Bukti Gagalnya Pembenahan Tata Kelola Sipil
RIAU24.COM - Direktur Imparsial, Ardi Manto Adiputra, menilai pelibatan TNI-Polri sebagai solusi cepat mencerminkan kegagalan pembenahan tata kelola sipil.
"Padahal, upaya ini bertentangan dengan mandat konstitusi dan UU Nomor 3 Tahun 2025 tentang TNI, di mana urusan haji tidak termasuk dalam 14 jenis operasi militer selain perang," ujarnyaq dikutip dari inilah.com, Kamis, 15 Januari 2026.

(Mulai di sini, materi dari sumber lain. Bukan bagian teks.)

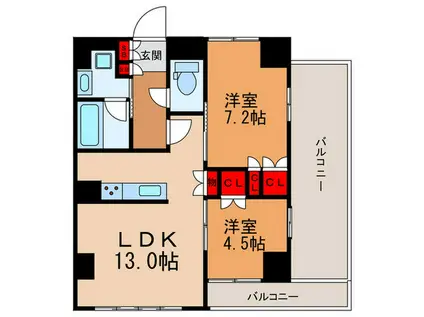 HF正光寺赤羽レジデンス(2LDK/3階)の間取り写真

Pada kesempatan yang berbeda, Co-Founder Institute for Security and Strategic Studies (ISESS), Khairul Fahmi, mengingatkan bahaya ketergantungan jangka panjang dari pelibatan TNI-Polri.
"Solusinya adalah mentransformasikan standar disiplin dan manajemen krisis ala militer ke dalam sistem penyelenggaraan haji sipil, tanpa terus menambah beban TNI-Polri," ujarnya.
Untuk diketahui, jumlah petugas haji dari unsur TNI dan Polri melonjak tajam.
Hak ini diketahui naik lebih dari dua kali lipat dibanding tahun sebelumnya.